We visited last August, flew into SLC and took a hire car to a little town called Driggs in Idaho, the other side of the mountain pass from Jackson. We rented a fantastic house from VBRO and used that as our base. Everyday we drove the 45 minutes or so to Jackson and then through Grand Teton NP and on into Yellowstone. We did spend one night in some awful expensive hotel in West Yellowstone, a complete rip off and cynical abuse of the supply and demand situation and one that put me off West Yellowstone completely but it did mean that it was a short drive to the park entrance and we were able to spend longer in the park.

Yellowstone is fascinating with all the geothermal features whilst Grand Teton is spectacular with its grandness, two very different parks in my opinion.

We did have lunch at the Old Faithful Inn, it was nothing special and it was pretty much a conveyor belt of seating people, rushing through their meals and turfing them out for the next customer. Not a particularly pleasurable eating experience and one that I wouldn't recommend.
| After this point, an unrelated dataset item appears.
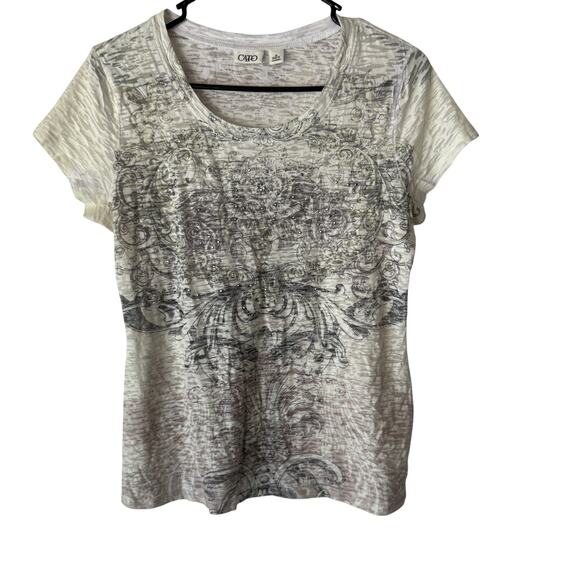 Cato Y2k Tuscan Large White Gray Short‎ Sleeve Rhinestone Scroll Print Top - Picture 1 of 8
If we were to return I would certainly repeat the house rental route.


----------



## jlwquilter (Aug 2, 2014)

We just did this trip this June.

We flew into round trip into JAC, stayed at the Jacskon Hole Racquet Club (RCI timeshare exchange). Drove all over the park. We found staying at the timeshare to be very convenient as the Mosse-Wilson Rd is right in front of the timeshare complex and we preferred driving that over the 191 route thru Jackson town.

We then drove to Island Park over the Teton Pass, stopping at the little visited southwest corner of Yellowstone Park along the way. It was an easy enjoyable drive both ways.

The drive into Yellowstone from Island Park was a breeze and didn't take long at all. It was much more convenient a location than Big Sky (which is where we stayed last year although I will say that overall we preferred the units at Big Sky but MUCH preferred the closer location of Island Park).

It's a great trip!


----------



## Safti (Aug 5, 2014)

We just got back from this trip. We flew into SLC and explored Park City for a few days. Hiked everyday there and went to Olympic Village, Sundance, Bald Mountain and Mirror Lake. We then drove to Idaho Falls (4.5 hr.) and stayed overnight so that we would get into Grand Teton National Park early the next day. That was a 90 minute drive, through Jackson Hole. We stopped there for lunch on the way. We stayed at Jackson Lake Lodge for the next two nights. Wonderful hotel with great vistas. We absolutely loved the GT's for the majestic mountains, hikes and fun filled days. We also went on a float raft which was awesome. After two days in the park, we drove up to Yellowstone which was another 90 minute drive to get to Old Faithful. We stayed at the OF Inn for one night. We had originally planned 3 nights there but one night was sufficient. It's worth staying for one night only. It's very rustic but special. If you don't stay there, at least take the free tour of the Inn which is given 3-4 times per day. Anyone can go and it's only 45 minutes and gives a great history. After one night, we drove up to Gardiner, Montana which is only 5 miles outside of the north entrance of the park. We stayed at the Yellowstone Travelodge. The accommodations were good, they have laundry facilities and it's only 5 minutes to drive back into the park. We were able to explore the Canyon area, Lamar Valley, and Hayden area from the north entrance. We ended our stay with a night at Jackson Hole which is very special. We flew home from Jackson Hole. This was an outstanding trip and very memorable.


----------